**Activity:** In the entries below, find the line with "resting farm cows in countryside" and the line with "Easy Shine Mouss - Laboratoire Ravene". Print those two and everything between them exactly, and nothing else.

**Dataset excerpts:**
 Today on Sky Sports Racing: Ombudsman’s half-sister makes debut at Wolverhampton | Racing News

...

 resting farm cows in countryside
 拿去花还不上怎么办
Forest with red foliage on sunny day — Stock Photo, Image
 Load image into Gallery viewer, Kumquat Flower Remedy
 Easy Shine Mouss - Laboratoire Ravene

---

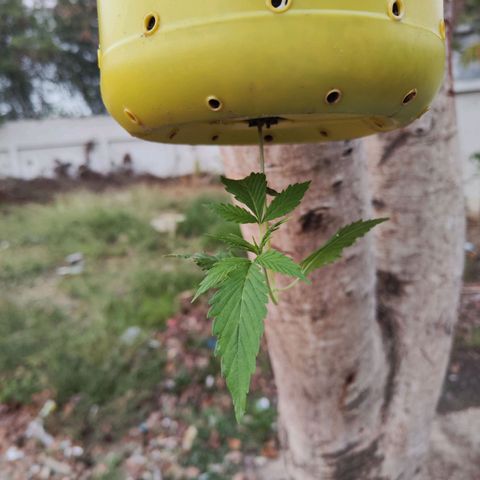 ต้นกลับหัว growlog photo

**Response for this exercise:**
 resting farm cows in countryside
 拿去花还不上怎么办
Forest with red foliage on sunny day — Stock Photo, Image
 Load image into Gallery viewer, Kumquat Flower Remedy
 Easy Shine Mouss - Laboratoire Ravene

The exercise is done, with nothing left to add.